Un conte féérique, musical, lumineux et tendre

Moins connu que "Lorenzaccio", "Les Caprices de Marianne" ou "On ne badine pas avec l’amour", "La quenouille de Barberine" est un magnifique divertissement méconnu offert par le génial Alfred de Musset.


Une pièce peu connue de Musset pour la tournée des châteaux des Galeries.
Un des charmes de la tournée estivale de la Compagnie des Galeries est de faire découvrir de belles demeures de la campagne wallonne. Samedi soir, la troupe faisait escale en Hesbaye, à Avernas-le-Bauduin, tout à côté de Hannut, avec son 31 éme spectacle d'été.

Les bancs de bois en gradin plantés dans la cour carrée de l'imposante ferme de Mme Dochen accueillaient une foule tranquille, curieuse de découvrir cette «Barberine», pièce moins connue et peu jouée d'Alfred de Musset.

Après les annonces d'usage - les représentations sont achetées par des associations et collectivités locales qui en font l'occasion d'une récolte de fonds en faveur de leur raison sociale -, la représentation pouvait commencer.

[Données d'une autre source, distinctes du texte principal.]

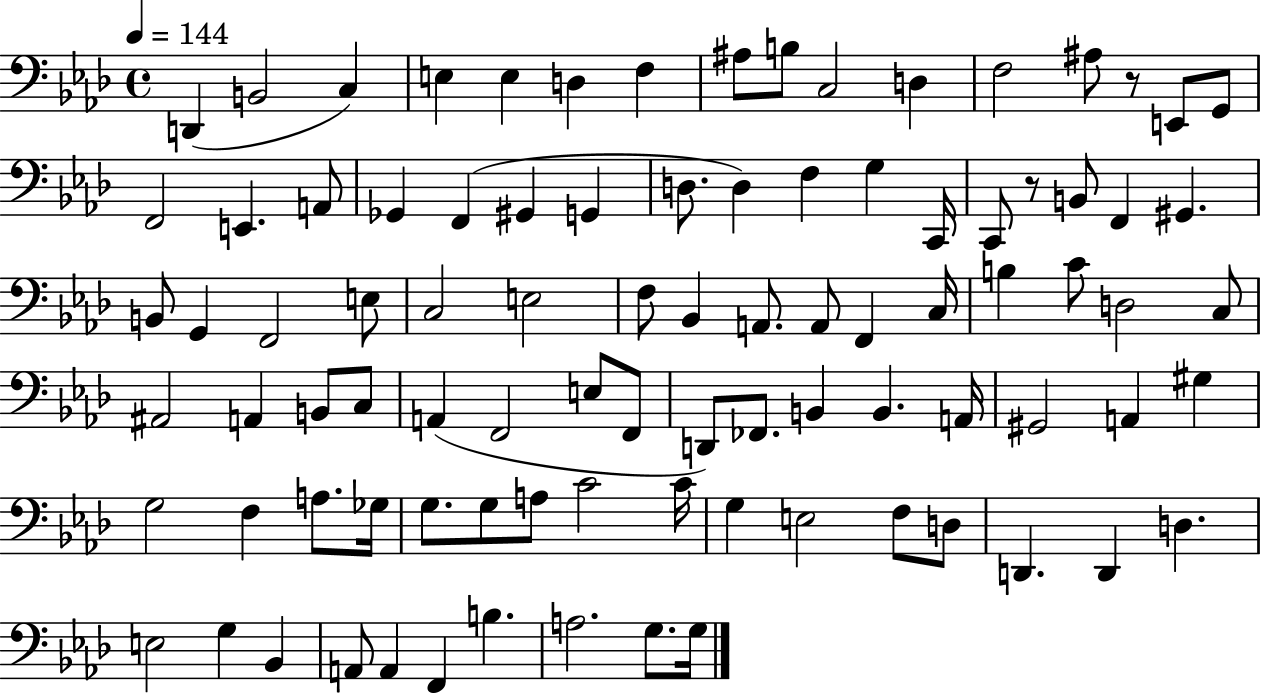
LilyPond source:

{
  \clef bass
  \time 4/4
  \defaultTimeSignature
  \key aes \major
  \tempo 4 = 144
  \repeat volta 2 { d,4( b,2 c4) | e4 e4 d4 f4 | ais8 b8 c2 d4 | f2 ais8 r8 e,8 g,8 | \break f,2 e,4. a,8 | ges,4 f,4( gis,4 g,4 | d8. d4) f4 g4 c,16 | c,8 r8 b,8 f,4 gis,4. | \break b,8 g,4 f,2 e8 | c2 e2 | f8 bes,4 a,8. a,8 f,4 c16 | b4 c'8 d2 c8 | \break ais,2 a,4 b,8 c8 | a,4( f,2 e8 f,8 | d,8) fes,8. b,4 b,4. a,16 | gis,2 a,4 gis4 | \break g2 f4 a8. ges16 | g8. g8 a8 c'2 c'16 | g4 e2 f8 d8 | d,4. d,4 d4. | \break e2 g4 bes,4 | a,8 a,4 f,4 b4. | a2. g8. g16 | } \bar "|."
}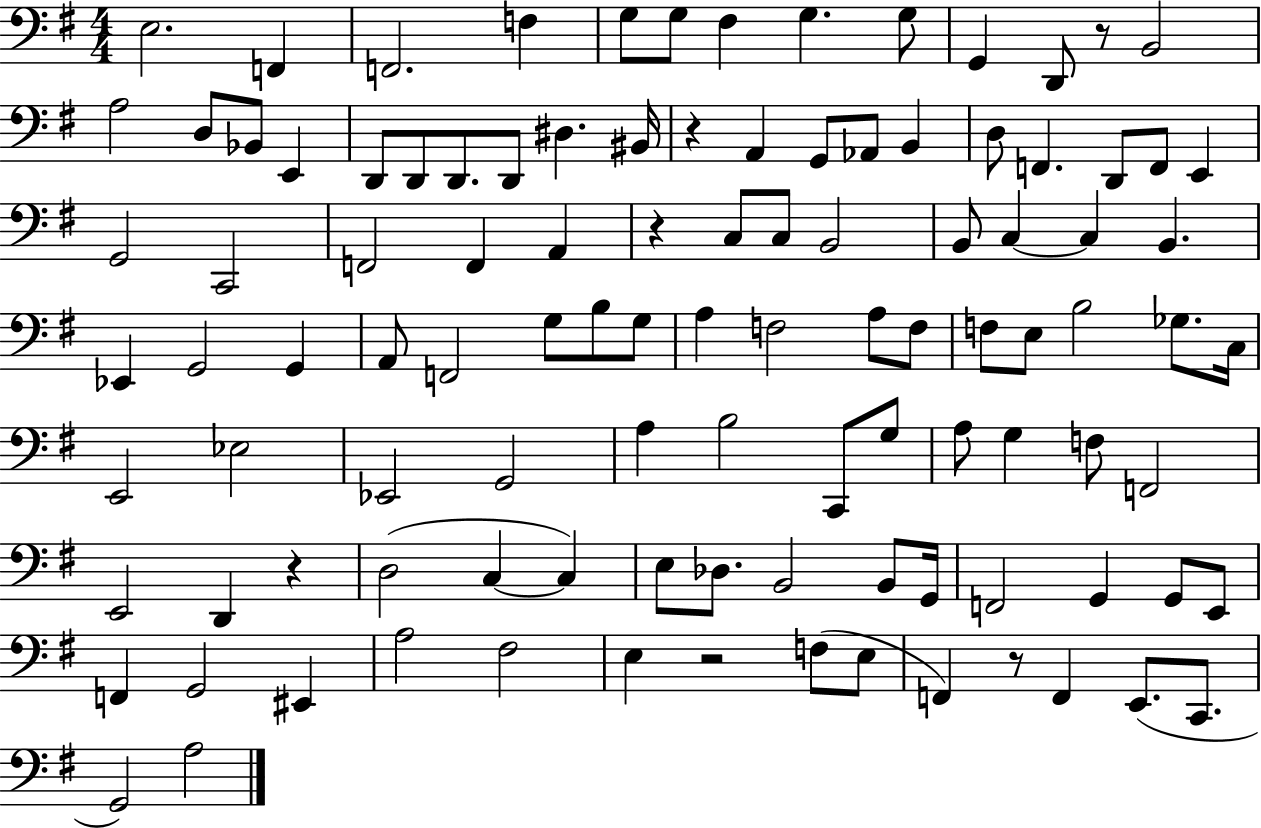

Dans la chaleur enfin supportable du crépuscule, Marc De Roy paraît en pourpoint et haut-de-chausses, guitare à la main, doux ménestrel digne du Moyen Age tel que se le représentaient les poètes romantiques français. Nous sommes en Europe centrale, au temps des chevaliers et des gentes dames.

Réfugiés dans la grange
Le comte Ulric (Vincent Vanderbeecken) quitte sa belle et jeune épouse Barberine (Christel Pedrinelli) pour quérir fortune à la cour du roi de Hongrie. Il y fait la connaissance d'Astolphe (Pierre Pigeolet), jeune fat qui se donne des airs d'avoir beaucoup vécu et pérore sur l'infidélité des femmes. Mis au défi, il décide d'entreprendre la conquête de Barberine.

C'est à ce moment précis, environ aux deux tiers de la pièce, que les lourds nuages noirs qui s'étaient accumulés par-dessus le portique monumental de la ferme crevèrent en un violent orage. Les spectateurs s'égayèrent comme une volée de moineaux pour trouver refuge dans la grange... Il revint à David Michels, directeur du Théâtre des Galeries, de raconter le dénouement de la fable à un public penaud, un tantinet frustré et copieusement mouillé, mais toujours bon enfant.

De ce qu'on a pu voir du spectacle, on peut dire à peu près ceci. Un Musset jeune encore mais déjà désillusionné sur l'amour et le gouvernement des hommes y développe avec faconde un conte inspiré de Boccace et de Shakespeare. Assortie d'un décor sonore produit en live par Eléonore Meeus sur de multiples instruments, la mise en scène de Bernard Lefrancq ne manque pas de charme. Si Pierre Pigeolet et Marc De Roy cabotinent un peu, si Vincent Vanderbeecken manque de consistance, si la reine de Jacqueline Paquay paraît assez amidonnée, Christel Pedrinelli sauve la mise par sa fraîcheur et son allant. Et puis il y a la langue de Musset, riche et piquante, primesautière et allusive.

On regrette vraiment de n'avoir pu voir le clou de la pièce: la «mise en boîte» d'Astolphe, contraint à filer la quenouille et à tourner le fuseau pour ne pas mourir de faim, à la plus grande joie des courtisans venus assister à sa déconfiture. Mais sans les aléas de la météo, je vous le demande, quel serait encore le sel d'organiser des spectacles en plein air?